五体合体、聖人ロボットだっ!

8世紀初頭に編纂された(ほぼ確定的)『アイルランド教会法令集(Collectio Canonum Hibernensis)』、第49書「殉教者について」、第10章「トランスラツィオ(移転)された殉教者の復活について」より。

オリゲーネス曰く、殉教者は灰のあるところにて復活するものと思うものもあり、骨のところにてと思うものもある。頭部のあるところがまことである。その場に四肢が集まるのである。エゼキエルは、骨と骨が互いに集まりて、それぞれが関節部に集まるところを見、腱と肉によって形作られ、その後に皮が広がるとの予見をなした。やがて、四つの風によりて聖霊がそれに吹き込まれるであろう。

という戦術ロボットの合体的、かなりグロな光景が最後の審判の日に見られることになるわけだ。
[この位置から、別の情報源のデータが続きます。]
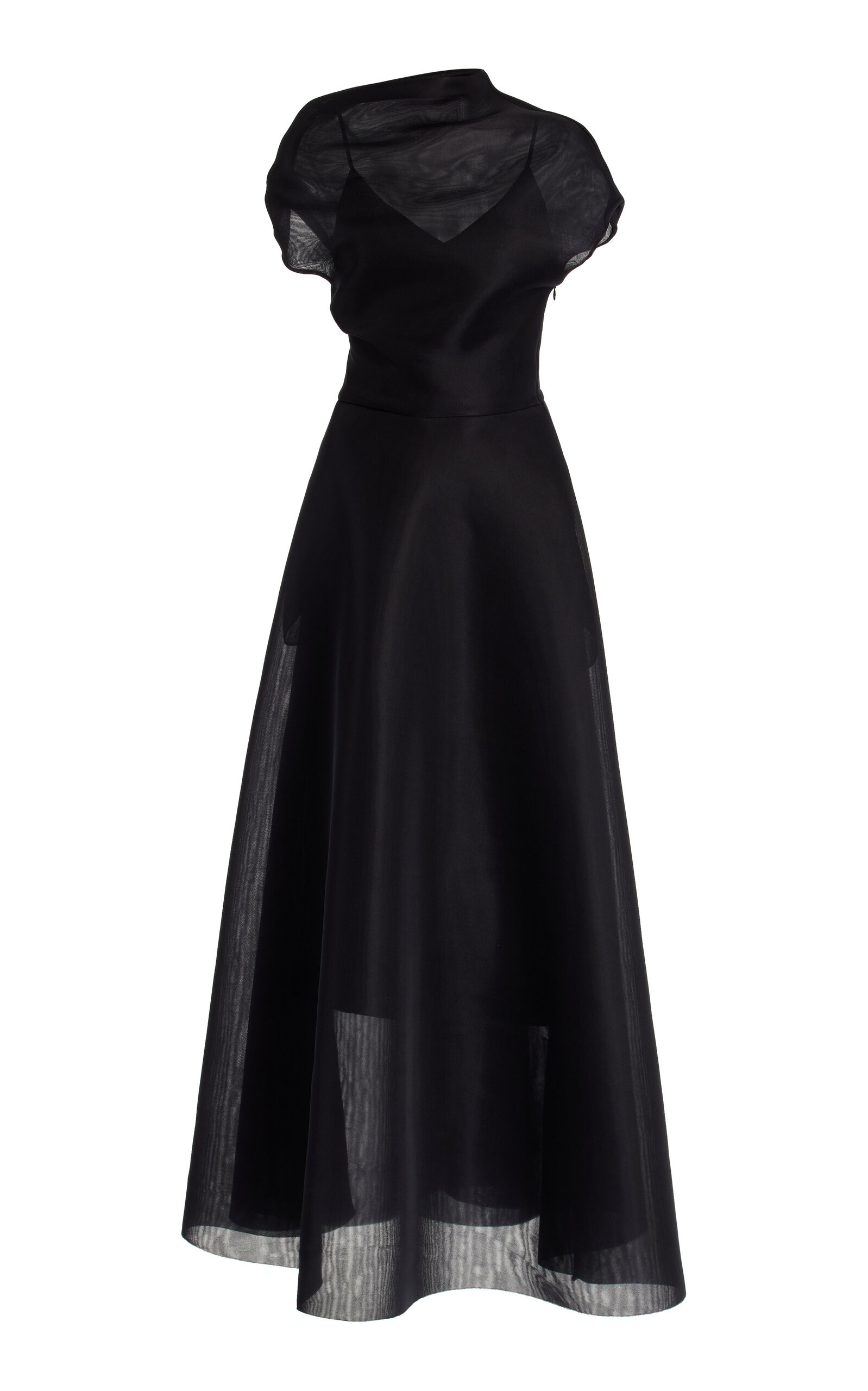 The Genevieve Draped Knit Maxi Dress | Moda Operandi (Global)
更にこの聖人・殉教ロボは高機能で、まわりに埋葬された善き人々を引き連れて、天国に上げられることになる、というのが初期中世アイルランドにおける非常に純朴な「聖遺物崇拝」の片鱗、というわけ。
世の中には頭がいっぱい発見されてしまった聖人もいらっしゃるのだが、その方たちは地獄の番犬・ケルベロス仏教の守護者・阿修羅のような、頭を三つも四つも持ったお姿で復活なさるに違いない。